Honestly it's such a wonderfully gesture that I would accept the rings from my grandparents. The sentiment would outweigh the look for me.

really? Why is it a particularly wonderful gesture? Not trying to be aggressive, I just wouldn't see it that way. It's not something with a lovely family history, that they're passing down the generations, nor is it something that they've put any sort of thought or care into, i.e. if they'd got something specially designed to match the exact colour and shape of OP's engagement ring.

It's something they've got cheap off a mate, that doesn't go with what OP already has, and isn't what she's wanted.
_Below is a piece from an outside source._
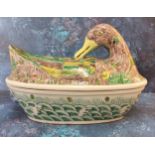 A 20th century Chinese Famille Verte novelty tureen,  in the form of duck, 31.5cm wide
I'd actually find it quite rude tbh and would have no qualms saying 'thanks but no thanks.' At most I might go for a white lie and say 'Sorry DP didn't want to tell me before because he wanted it to be a surprise but he's already paid for ones to be individually made to match the engagement ring. We can't get the money back and tbh I think that's such a sweet gesture from him so I'm afraid I can't use your ones.'

I think people are thinking 'aw how kind' just because it's a grandmother and thinking 'aw sweet old lady,' but old people can be manipulative too! If it was the MIL who had randomly bought a cheap veil or pair of ugly shoes from the local marketthat didn't go with OP's wedding dress, and expected OP to wear them I'm sure more people would be saying 'haha yeah right tell her to do one!'

These are your wedding rings, you'll hopefully be wearing them for the rest of your life, you deserve ones you want and not ones you'll grit your teeth at and feel resentful every time you see your hand!
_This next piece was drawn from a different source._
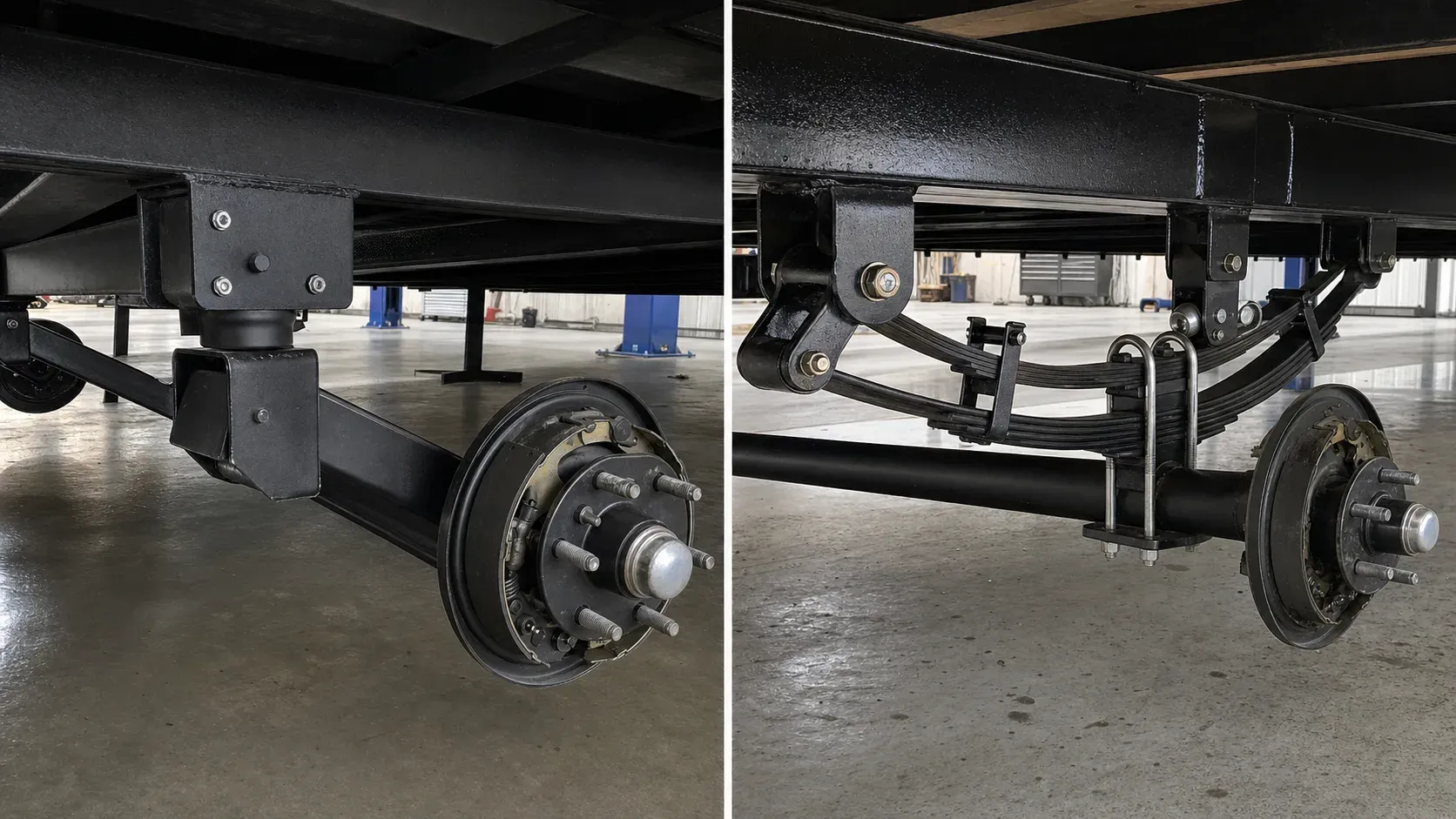 Torsion axle and leaf-spring trailer suspension hardware shown side by side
mcdonaldschip · 18/04/2024 18:21

Bootoagoose123 · 17/04/2024 18:19

Could you accept graciously, exchange them at the wedding as a symbolic gesture and then wear it on a chain or keep as a keepsake whilst wearing your preferred style day to day? If you don't see your grandparents day to day then they will never know. But then I'm not sentimental about things like wedding rings as such so it wouldn't bother me if I didn't wear the one I'd exchanged- I know some people it would.

This is such a cute idea!

schloss · 18/04/2024 18:22

Take the rings and melt them to use as a future eternity ring?

Justbrowsing2024 · 18/04/2024 18:23

Just say no thank you and let them be given to your DB.